The problem turns out to be equivalent to minimizing the norm of the difference of Laplacian of $x$ and $G(z)$ and has a unique solution. We’ve confirmed in our experiments that this step is indeed very crucial for the high quality of final output images.

We wish to extend their work for VAEs, but VAEs where we don’t have a discriminator. We need another prior loss, the most intuitive way is to penalize the norm of $z$ vector itself since its prior is a zero-mean unit variance Gaussian distribution. Therefore, our prior loss is $L_p = \lambda || z ||_2^2$.

The slides from our project presentation can be found here.


We compare VAEs and GANs in two settings, with convolutional kernels size of 3 and 7 on structure MRI slices. The results shown below show that the model indeed performs well giving high PSNR (peak signal-to-noise ratio).

Inpainted images are visually almost indifferentiable. So we zoom into the missing region the image below and observe how VAEs are performing better and larger convolutional kernels help.

We have done many more experiments that are present in the slides below. In summary, we have shown that VAEs are consistently better in terms of PSNR and SSIM (structural similarity), even for larger patches though more details are missing in every method that we tried. Further, in the image shown below, we see the importance of the prior loss, weighting of context loss and blending by doing an ablation study. The red circle shows a particular example of how weighted context loss plays an important role in image inpainting performance.

An important observation that we made is that the effect of prior loss in GANs using discriminator is not very prominent, and there are many examples where not using prior gave a better result. A snapshot of this observation is shown below.

Comments and Conclusions

The main question that we need to answer is: why are VAEs performing better than GANs? One plausible reason is that VAEs are explicitly trained to produce real images while the generator in GANs is learned indirectly from the gradients flowing from the discriminator. This can lead to stronger prior influence in VAEs than GANs. Further, in our particular problem, the modes of variations are much lesser than natural images. Because of explicit training, the VAEs can learn the primary modes of variations early in the training. Further, an important advantage of VAEs in our setting is that they were trained in 25% fewer epochs, each consuming 25% less time. Overall VAEs were 78% faster to train.

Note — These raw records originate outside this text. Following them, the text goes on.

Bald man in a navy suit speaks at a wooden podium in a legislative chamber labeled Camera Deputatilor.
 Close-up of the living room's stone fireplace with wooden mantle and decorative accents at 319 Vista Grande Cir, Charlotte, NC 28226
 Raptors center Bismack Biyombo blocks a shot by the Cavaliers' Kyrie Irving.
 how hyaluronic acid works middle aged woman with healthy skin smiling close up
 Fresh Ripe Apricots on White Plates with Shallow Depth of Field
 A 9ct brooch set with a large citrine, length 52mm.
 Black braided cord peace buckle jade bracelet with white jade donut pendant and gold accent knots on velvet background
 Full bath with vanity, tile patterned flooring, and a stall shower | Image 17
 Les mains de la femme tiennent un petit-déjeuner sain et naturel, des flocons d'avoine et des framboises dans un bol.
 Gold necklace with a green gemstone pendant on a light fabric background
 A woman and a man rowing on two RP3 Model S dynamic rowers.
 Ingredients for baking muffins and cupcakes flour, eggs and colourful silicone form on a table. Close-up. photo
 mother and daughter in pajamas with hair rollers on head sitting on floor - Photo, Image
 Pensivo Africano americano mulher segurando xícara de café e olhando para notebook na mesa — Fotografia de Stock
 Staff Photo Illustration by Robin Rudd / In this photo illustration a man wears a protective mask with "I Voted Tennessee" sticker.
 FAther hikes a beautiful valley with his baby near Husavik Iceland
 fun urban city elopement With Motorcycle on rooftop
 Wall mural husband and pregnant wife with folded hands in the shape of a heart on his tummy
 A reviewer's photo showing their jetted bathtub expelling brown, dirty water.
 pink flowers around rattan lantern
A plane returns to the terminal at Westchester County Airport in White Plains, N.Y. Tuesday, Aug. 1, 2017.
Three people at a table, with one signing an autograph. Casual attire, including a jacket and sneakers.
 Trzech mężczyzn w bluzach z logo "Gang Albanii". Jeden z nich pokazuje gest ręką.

In our project, we extended the ideas from the aforementioned paper to use VAE for image inpainting on medical images. We showed that VAEs consistently performed better than GANs in terms of PSNR and SSIM metrics and also observed the same visually. We confirmed the importance of the prior loss, weighted context loss, and blending and observed that the advantage due to prior loss is more clearly observed in VAEs than GANs.